Passieve risicoaanvaarding in relatie tot gevestigd Voorkeursrecht Gemeenten

Niet in geschil is dat de planologische verandering op grond van het besluit van 25 juni 2002 tot vestiging van het tijdelijk voorkeursrecht vanaf die datum voor [appellant] voorzienbaar was. Ter beoordeling ligt voor of [appellant] sindsdien pogingen heeft ondernomen om ongebruikte bouwmogelijkheden ingevolge het oude bestemmingsplan te benutten en, indien hij dit niet heeft gedaan, of van hem kon worden verlangd dat hij sindsdien pogingen zou ondernemen om deze bouwmogelijkheden te benutten.

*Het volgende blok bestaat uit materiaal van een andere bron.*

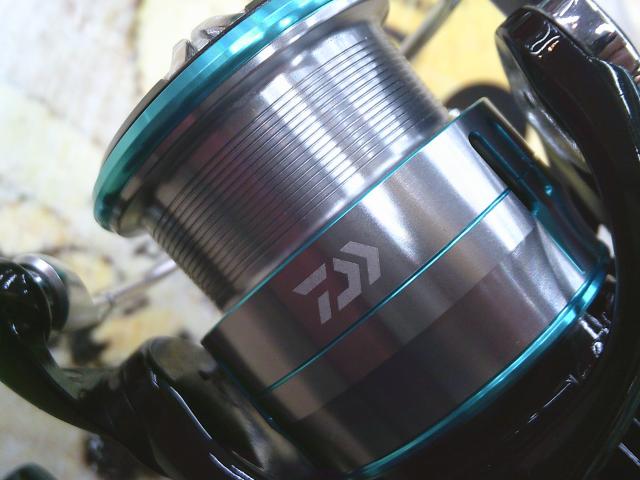 19エメラルダス LT2500S-DH｜＠ベリーネット 日本最大新品中古釣具WEB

Volgens het SAOZ-advies heeft [appellant] in de periode 2002 – 2007 geen gebruik gemaakt van de voorheen bestaande ruimere bouwmogelijkheden op zijn perceel. In het SAOZ-advies is verder vermeld dat de SAOZ zich bij de beoordeling van het verzoek om een tegemoetkoming in planschade heeft beperkt tot het perceelgedeelte met de nieuwe bestemming “Wonen”. [appellant] heeft gesteld dat dit perceelgedeelte op 25 juni 2002, behoudens een toegangsweg, al geheel was volgebouwd. Het college heeft die stelling niet bestreden. Ter zitting heeft het college toegelicht dat het oude agrarische bouwblok op het perceel van [appellant] groter was dan het perceelgedeelte met de nieuwe bestemming “Wonen” en dat [appellant] niet alle bouwmogelijkheden op dat agrarische bouwblok heeft benut. Passieve risicoaanvaarding ziet volgens het college op deze niet benutte bouwmogelijkheden. Het college heeft echter niet gemotiveerd dat van [appellant] na 25 juni 2002 in redelijkheid kon worden verwacht dat hij van die bouwmogelijkheden gebruik zou maken. Daarbij is van belang dat het voor de hand ligt dat een redelijk denkende en handelende eigenaar bij een beslissing om te investeren in nieuwe bedrijfsbebouwing mede de vraag zal betrekken of hij die investeringen kan terugverdienen. Het had in dit geval op de weg van het college gelegen te motiveren dat [appellant] investeringen in nog ongebruikte bouwmogelijkheden voor bedrijfsgebouwen, gegeven de voorzienbare planologische veranderingen, zou kunnen terugverdienen. Het college heeft dit ten onrechte niet gedaan.

ABRS 07-02/18 inzake Enkhuizen (ECLI:NL:RVS:2018:427).

Noot: helder: een ondernemer zal aarzelen om te investeren als er een Voorkeursrecht van koop door de gemeente gevestigd is, ook al omdat daarmee een onteigening ook in beeld komt. Zie ook art. 39 Ow; veranderingen met het kennelijke doel de schadeloosstelling te verhogen kunnen buiten beschouwing gelaten worden.